[Captioned web image data]
##############################

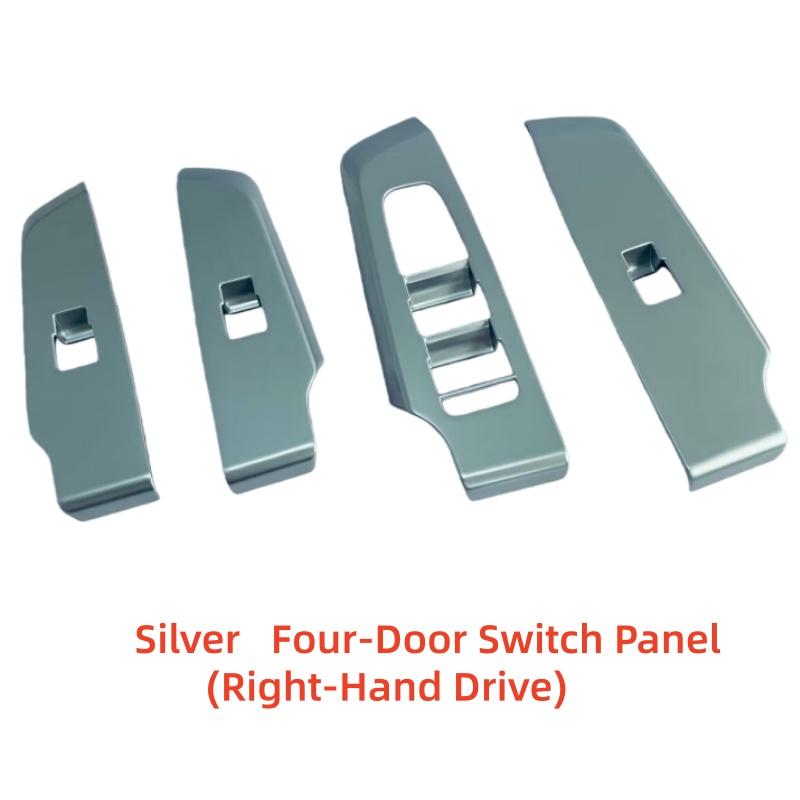 Car Upgrade Four-Door Switch Panel Right-Hand Drive For Mitsubishi Outlander -2024 Modification Decoration Accessories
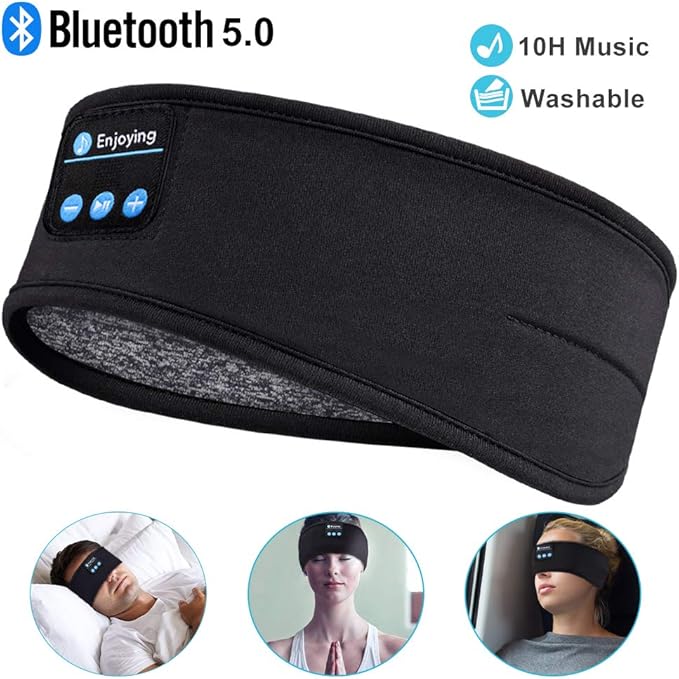 Sleep Headphones Bluetooth Headband Sleepphones Amazon.co.uk Electronics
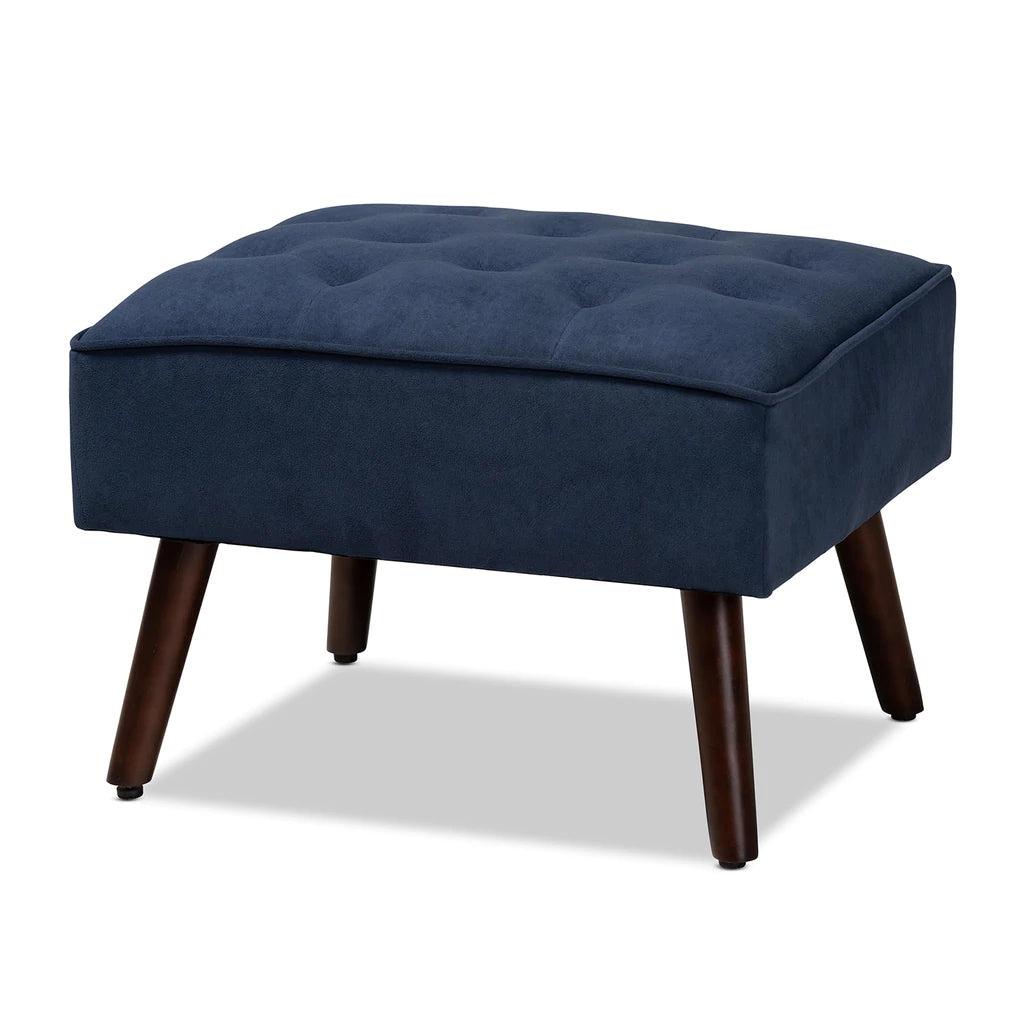 Baxton Studio Haldis Wood 2-Piece Recliner Chair And Ottoman Set | Chairs & Recliners | Modishstore - 13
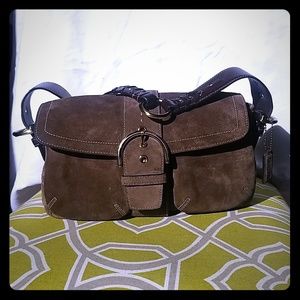 Coach Soho Brown Suede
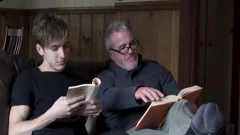 Stepdad And Step old chap Spitroast A lustful twink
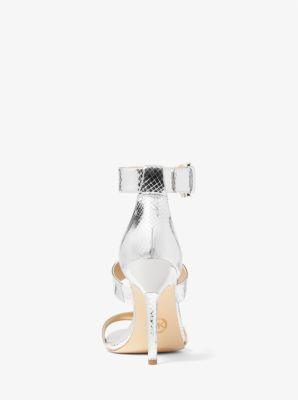 MICHAEL Michael Kors Amal Sandal (Silver) Women's Shoes Product Image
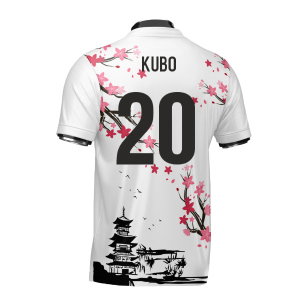 Japan Samurai Heritage Football Jersey (Wolvate) Kids Short Sleeve (Kubo 20)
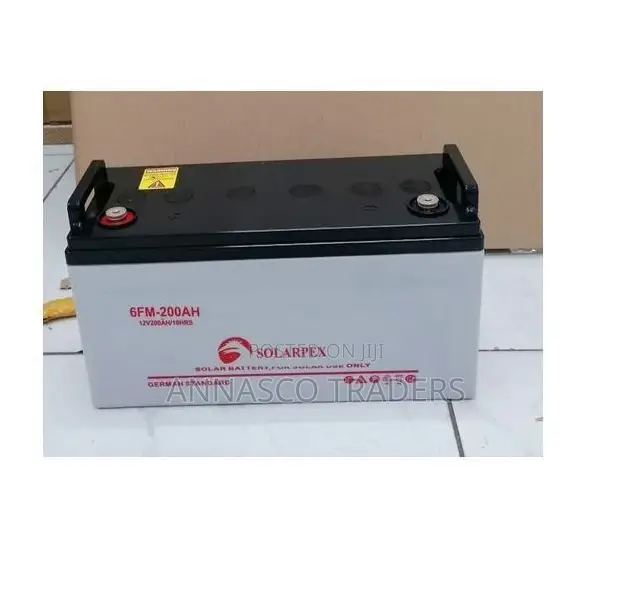 Solarpex 200ah Deep Cycle Solar Gel Battery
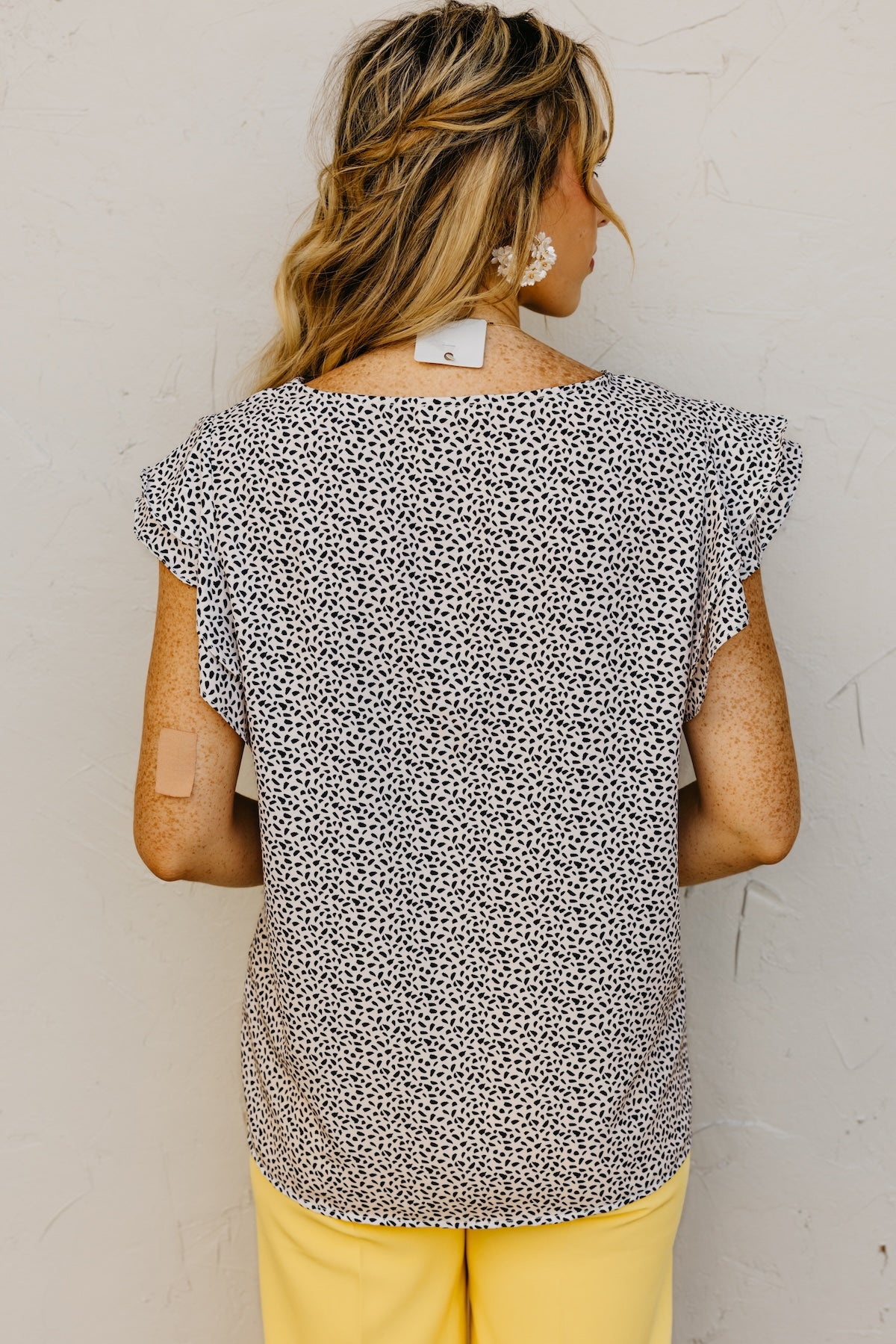 The Riya Flutter Sleeve Blouse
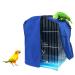 Bonaweite Bird Parrot Cage Cover Shade, Windproof Light-Proof Sleep Reduces Distractions Night Accessories Cloth Without Cage Blue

##############################

* _Work task_: Excluding the pictures, output every entry above without alteration.

* _Result_:
 Car Upgrade Four-Door Switch Panel Right-Hand Drive For Mitsubishi Outlander -2024 Modification Decoration Accessories
 Sleep Headphones Bluetooth Headband Sleepphones Amazon.co.uk Electronics
 Baxton Studio Haldis Wood 2-Piece Recliner Chair And Ottoman Set | Chairs & Recliners | Modishstore - 13
 Coach Soho Brown Suede
 Stepdad And Step old chap Spitroast A lustful twink
 MICHAEL Michael Kors Amal Sandal (Silver) Women's Shoes Product Image
 Japan Samurai Heritage Football Jersey (Wolvate) Kids Short Sleeve (Kubo 20)
 Solarpex 200ah Deep Cycle Solar Gel Battery
 The Riya Flutter Sleeve Blouse
 Bonaweite Bird Parrot Cage Cover Shade, Windproof Light-Proof Sleep Reduces Distractions Night Accessories Cloth Without Cage Blue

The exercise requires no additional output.